● **WHAT IS BEING ASKED**:
Exact copies of the lines below, from the one with "White long-sleeve shirt" up to and including the one with "Handmade Multi Seedbead Sugar Skull Earring", are what this calls for; leave out pictures.

● **INPUT RECORDS**:

/---

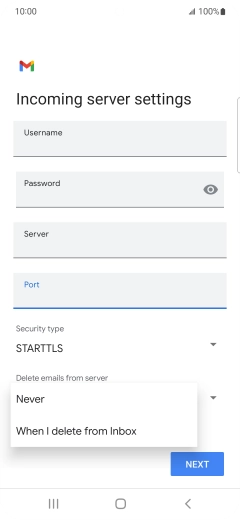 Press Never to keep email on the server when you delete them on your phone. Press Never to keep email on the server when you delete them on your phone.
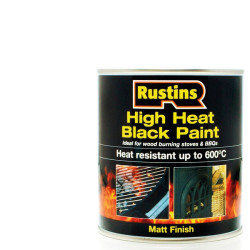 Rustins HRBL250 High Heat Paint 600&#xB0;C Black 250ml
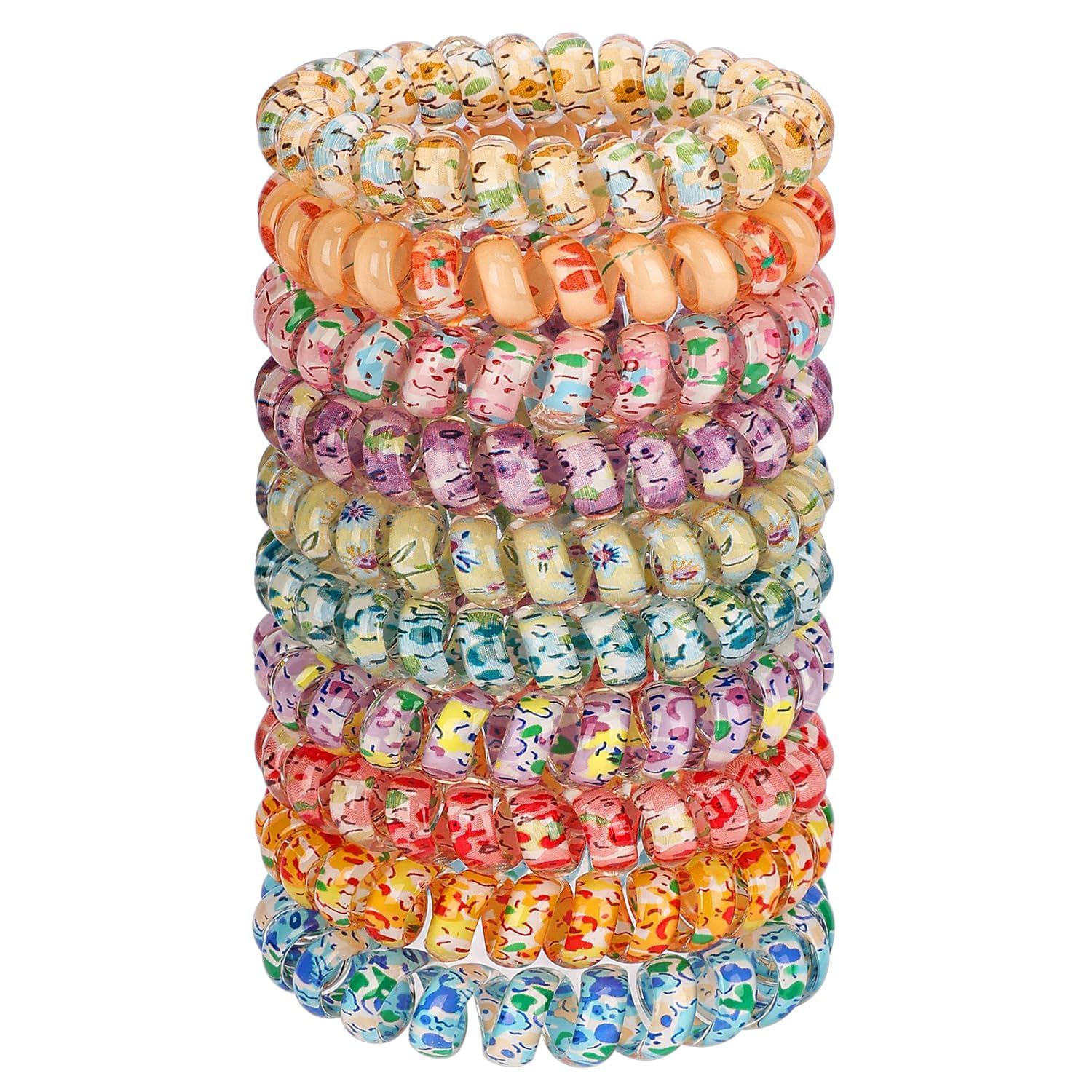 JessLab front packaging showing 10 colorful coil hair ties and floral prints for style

\---
/---

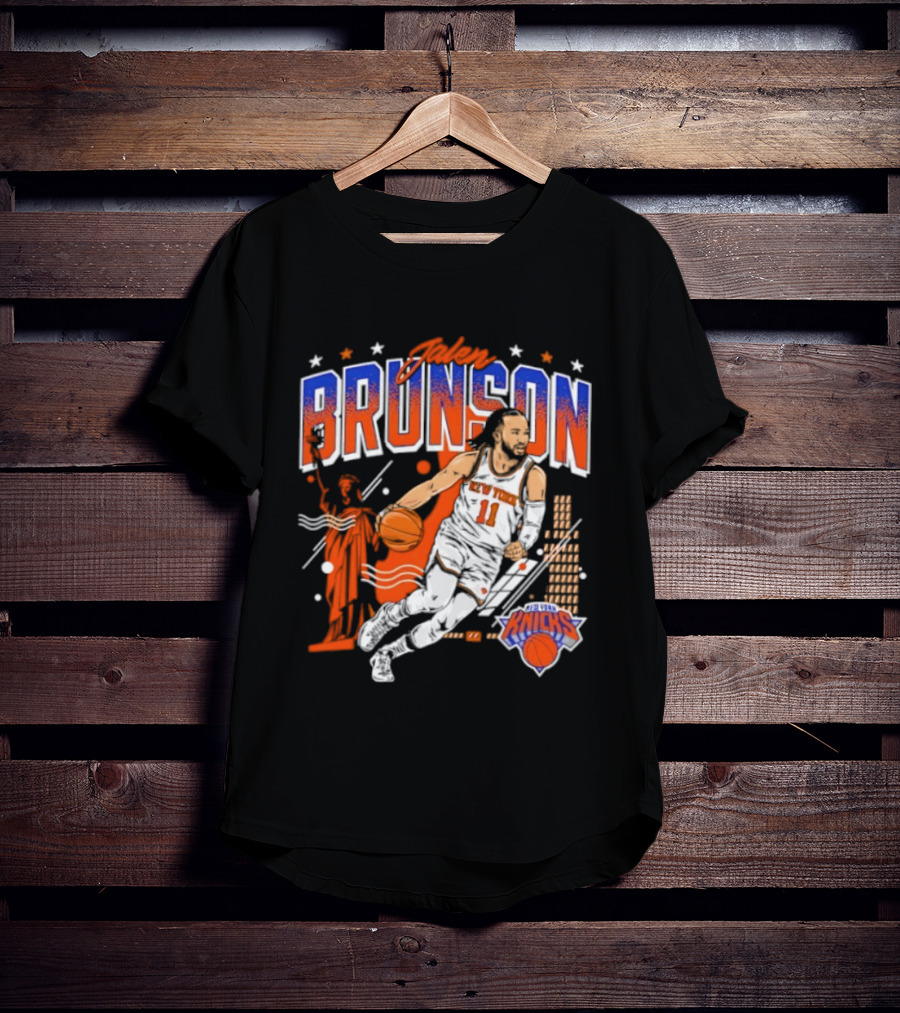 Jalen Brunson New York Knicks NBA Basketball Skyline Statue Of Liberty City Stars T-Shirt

\---
/---

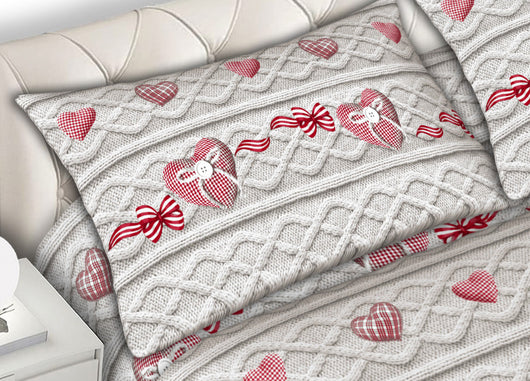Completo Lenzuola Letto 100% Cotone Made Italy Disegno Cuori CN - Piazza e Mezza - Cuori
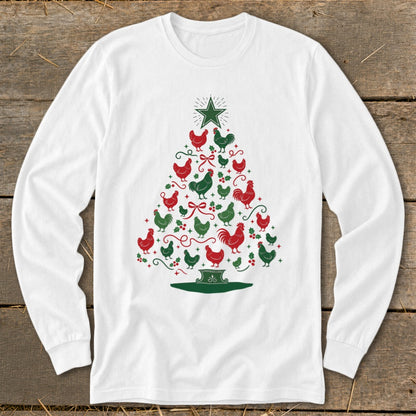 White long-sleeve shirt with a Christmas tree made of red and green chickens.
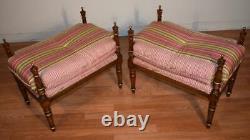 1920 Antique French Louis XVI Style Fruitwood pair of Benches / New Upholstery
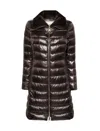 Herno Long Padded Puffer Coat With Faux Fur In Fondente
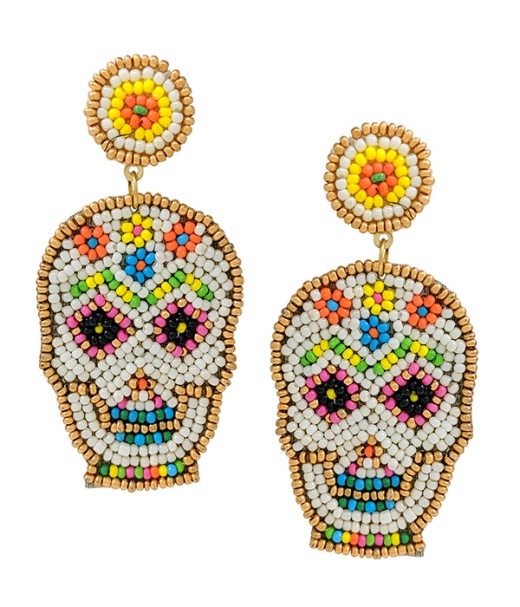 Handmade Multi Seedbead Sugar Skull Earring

\---

● **RESULT**:
 White long-sleeve shirt with a Christmas tree made of red and green chickens.
 1920 Antique French Louis XVI Style Fruitwood pair of Benches / New Upholstery
 Herno Long Padded Puffer Coat With Faux Fur In Fondente
 Handmade Multi Seedbead Sugar Skull Earring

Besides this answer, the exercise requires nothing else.